3. Is 500 GPH big enough, or should I go 800+?
I'll sit back and check out the responses. 
Thanks in advance.


----------



## KMixson (Feb 6, 2018)

If your boat doesn't leak and you are not in any rough water or storm you should not need one. I could go all day in my boat and get less than a half a cup of water in it mostly from the wet anchor rope coming in probably. As for brands and GPH recommendations I couldn't help because I have not dealt with them.


----------



## surfman (Feb 6, 2018)

I don't have on in my 1448. I can bail if I need to.


----------



## Weldorthemagnificent (Feb 6, 2018)

My boat doesn’t leak but I do have a pump. It’s nice to have if you’re out and it rains or if you leave your boat beached during camping/fishing trips as I do. Unless you plan on leaving your boat tied to a dock, or it leaks like a sieve, an automatic pump is unnecessary. I use the cheapest and smallest pump zip tied in the boat with a piece of rubber hose out the back. Like automotive heater hose.
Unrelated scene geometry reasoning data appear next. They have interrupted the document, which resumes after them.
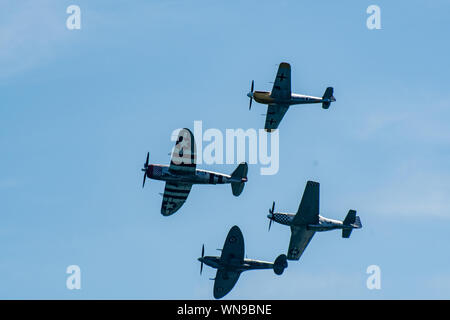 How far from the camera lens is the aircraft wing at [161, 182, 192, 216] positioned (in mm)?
73188

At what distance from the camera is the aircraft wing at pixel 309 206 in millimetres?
73000

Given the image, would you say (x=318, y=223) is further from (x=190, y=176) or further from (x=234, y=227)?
(x=190, y=176)

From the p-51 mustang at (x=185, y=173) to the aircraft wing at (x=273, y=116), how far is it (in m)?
11.8

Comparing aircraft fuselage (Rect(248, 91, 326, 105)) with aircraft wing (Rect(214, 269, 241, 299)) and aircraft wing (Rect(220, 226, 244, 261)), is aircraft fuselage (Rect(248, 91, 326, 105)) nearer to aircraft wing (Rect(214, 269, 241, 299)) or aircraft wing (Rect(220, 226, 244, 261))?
aircraft wing (Rect(220, 226, 244, 261))

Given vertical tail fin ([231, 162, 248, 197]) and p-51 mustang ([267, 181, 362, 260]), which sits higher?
vertical tail fin ([231, 162, 248, 197])

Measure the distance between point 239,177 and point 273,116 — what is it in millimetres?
12602

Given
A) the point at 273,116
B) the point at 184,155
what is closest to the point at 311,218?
the point at 184,155

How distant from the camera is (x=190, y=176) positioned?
70.3 m

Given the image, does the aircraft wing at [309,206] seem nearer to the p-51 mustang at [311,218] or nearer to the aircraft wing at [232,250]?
the p-51 mustang at [311,218]

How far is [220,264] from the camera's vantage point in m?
72.6

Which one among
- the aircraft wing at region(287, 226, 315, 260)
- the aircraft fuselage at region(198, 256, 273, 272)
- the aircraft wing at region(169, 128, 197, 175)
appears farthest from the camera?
the aircraft wing at region(287, 226, 315, 260)

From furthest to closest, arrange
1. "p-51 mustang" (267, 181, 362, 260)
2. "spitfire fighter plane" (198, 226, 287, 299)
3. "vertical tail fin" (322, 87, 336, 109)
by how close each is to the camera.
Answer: "vertical tail fin" (322, 87, 336, 109) < "p-51 mustang" (267, 181, 362, 260) < "spitfire fighter plane" (198, 226, 287, 299)

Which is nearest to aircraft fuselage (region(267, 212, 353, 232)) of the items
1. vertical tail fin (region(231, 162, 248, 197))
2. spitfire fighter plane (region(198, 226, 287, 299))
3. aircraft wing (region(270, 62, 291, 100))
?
spitfire fighter plane (region(198, 226, 287, 299)) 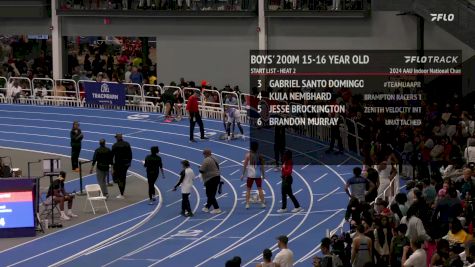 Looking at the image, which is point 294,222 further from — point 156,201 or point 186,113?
point 186,113

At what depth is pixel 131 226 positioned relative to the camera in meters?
30.7

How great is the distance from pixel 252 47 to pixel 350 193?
21.7 metres

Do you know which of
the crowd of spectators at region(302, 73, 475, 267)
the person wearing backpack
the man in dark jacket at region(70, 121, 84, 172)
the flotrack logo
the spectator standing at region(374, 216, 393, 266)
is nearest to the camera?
the person wearing backpack

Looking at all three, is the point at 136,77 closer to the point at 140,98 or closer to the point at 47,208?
the point at 140,98

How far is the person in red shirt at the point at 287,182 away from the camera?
30.4 m

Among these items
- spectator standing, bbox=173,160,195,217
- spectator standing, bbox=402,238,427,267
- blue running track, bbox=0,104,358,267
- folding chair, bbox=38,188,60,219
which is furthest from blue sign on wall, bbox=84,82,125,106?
spectator standing, bbox=402,238,427,267

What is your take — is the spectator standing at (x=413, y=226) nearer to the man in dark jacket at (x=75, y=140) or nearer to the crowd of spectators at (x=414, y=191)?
the crowd of spectators at (x=414, y=191)

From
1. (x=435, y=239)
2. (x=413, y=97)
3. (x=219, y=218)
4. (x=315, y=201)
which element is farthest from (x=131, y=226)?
(x=435, y=239)

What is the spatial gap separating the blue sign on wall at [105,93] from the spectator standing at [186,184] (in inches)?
627

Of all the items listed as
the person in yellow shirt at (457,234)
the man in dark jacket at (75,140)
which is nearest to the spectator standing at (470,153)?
the person in yellow shirt at (457,234) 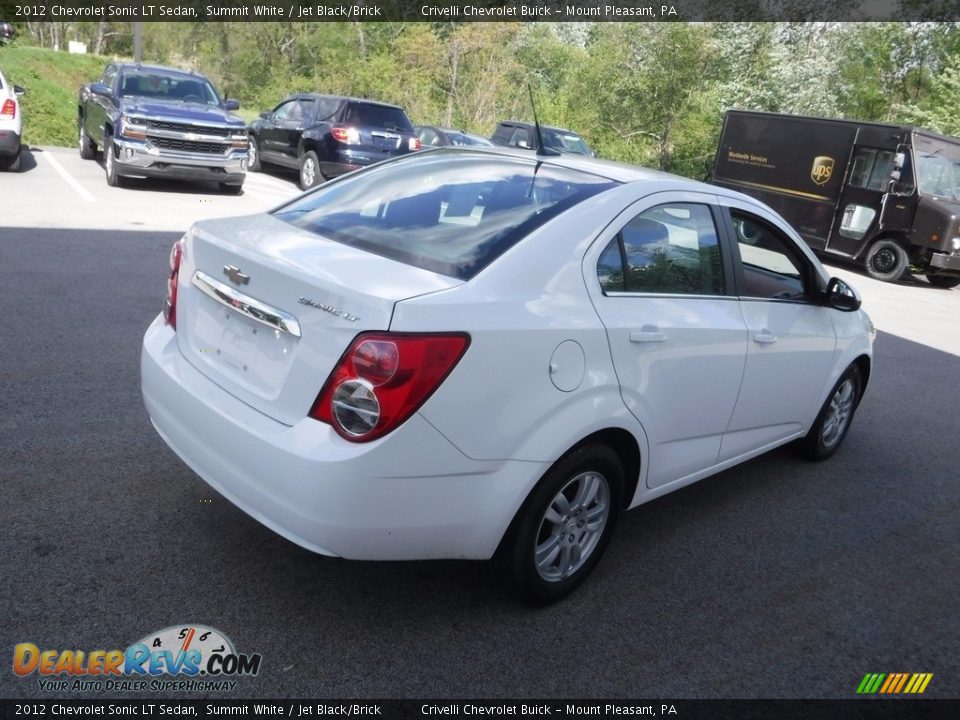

Mine is on a toggle switch. Don’t chince out on the switch. Get a marine switch. An automotive switch will work for a while but even if it’s mounted in a dry location it will eventually fail when you need it leaving you stripping wire with a fillet knife while bobbing in the waves. 500 gph is a lot of water. Fill a gallon jug in your kitchen sink and do the math, I bet it’s a lot less. 


Sent from my iPhone using Tapatalk


----------



## Target (Feb 6, 2018)

I was on the fence about getting one last year and eventually did. My Jon doesn’t leak but I often fish in rain and it does fill up surprisingly fast in a heavy rain. Much easier to flip a switch than sit and waste fishing time to bail out water. I got the 500 Atwood and it works great.


----------



## BigTerp (Feb 6, 2018)

I'm of the camp that more is better when it comes to bilge pumps. But I also run a jet in a shallow, rocky river. I have dual 1100 gph bilge pumps on my 1648. Both are manual. One with a switch on the control panel next to the controls and the other next to the rear passenger seat on the bench. I also ditched the crappy corrugated plastic hose that comes with most bilge pumps and used smooth bore VAC hose, which creates less resistance when pumping water out compared to the standard bilge pump hose. I've torn a few holes in my boat and it's amazing how quickly water fills the boat from just the smallest hole. When it's taking on water I want to get it out as fast as possible!!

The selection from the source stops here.